Only 17% of young working people are currently doing the job they want and 30% of 18-24 year olds feel they will never achieve their career ambitions, research by City & Guilds finds.
As UK employers face a skills shortage, 13% of 18-24 year olds are not in work or education, and a further 3% are economically inactive, the survey of 5,000 young people found.
According to official statistics from the ONS, 12.5% of 18-24 year olds are currently NEET (not in education, employment or training) making this cohort overrepresented in unemployment.
City & Guilds said the findings indicate that many young people feel excluded from the labour market.

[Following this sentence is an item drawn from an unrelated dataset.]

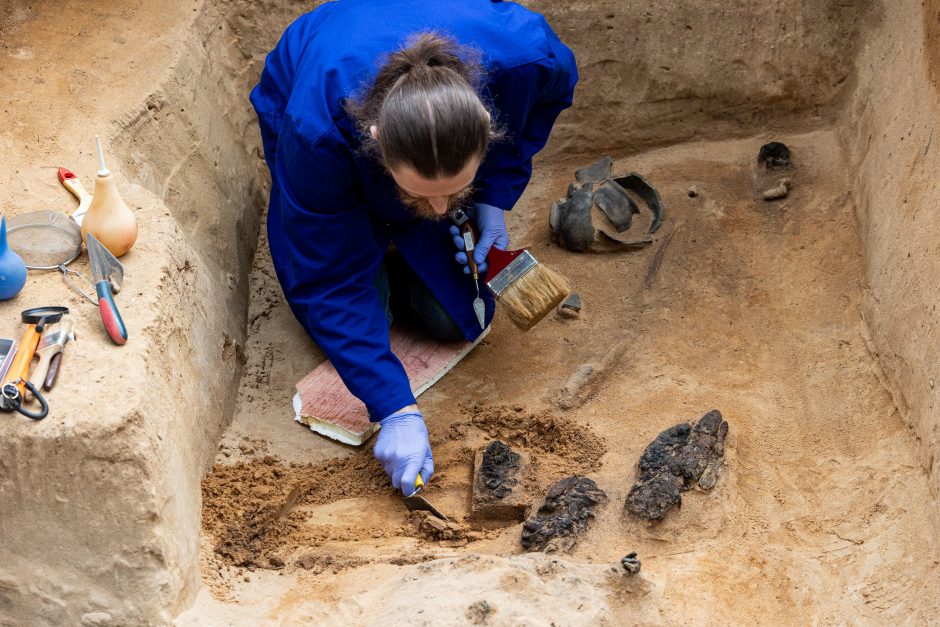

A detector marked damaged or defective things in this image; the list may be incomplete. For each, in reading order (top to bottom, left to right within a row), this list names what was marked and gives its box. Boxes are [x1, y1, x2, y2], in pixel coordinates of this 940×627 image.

dark corroded artifact [520, 478, 608, 552]
dark corroded artifact [628, 410, 732, 524]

One in 10 who are not working or studying say they never intend to start working and 64% feel it is not easy for them to get a good job.
Young workers and the labour market
The report highlights potential issues with social mobility, with those who received free school meals more likely to report difficulties accessing good work.
Those who faced difficulties early on in life were more likely to feel unable to achieve their career aspirations, including 59% who have been in prison, 54% of refugees and 44% who have been in the care system.
Asked what they believed was holding them back from achieving their career goals, 24% say they do not feel confident or mentally ready enough to apply for their desired role and 22% feel they do not have the required skills or experience.
The Youth misspent report says that entry-level apprenticeships have declined since the apprenticeship levy was introduced, which has significantly reduced opportunities for young people to get a foot on the career ladder.
It also finds a mismatch between young people’s career aspirations and the number of job opportunities in their desired industries. Fifteen per cent of those surveyed want a job in arts, entertainment and recreation, despite roles in this sector representing just 2% of the labour market, and 8% want a finance and insurance role, which represents 3% of the labour market.
Having a ′good′ salary is young people’s top priority when it comes to looking for a new job. Forty-five per cent consider interesting and exciting work as a priority, 42% want job security, and 41% look for flexibility.
Kirstie Donnelly, City & Guilds CEO, said high youth unemployment was an issue long before the pandemic, with the current labour market “baking in inequality and preventing millions of young people from meeting their potential”.
“If we don’t open doors for young people from all backgrounds to enter the labour market, and invest in their skills, we are losing out on all of that of talent and creativity. And ultimately, we’re shooting ourselves in the foot,” she said.
“Young people should be forming be a critical part of the UK’s recovery story and harnessing their potential will be essential if we are to come out of the other side of another recession with a brighter future ahead. Crucially, if we don’t fix this now, we risk storing up more problems for generations to come, exacerbating productivity shortfalls and social inequalities in the long term.”
The report advises employers to:
- Further engage in the skills system and government initiatives to improve opportunities for young people and fill skills gaps, including apprenticeships, skills bootcamps and T-levels
- Make it easier for the most disadvantaged to access jobs, such as recruiting into entry level roles based on attitude and aptitude rather than prior experience or qualifications
- Provide more work experience and paid internship or training opportunities
- Share experience and perspectives with the government to help inform development of a skills system that meets employers’ and young people’s needs.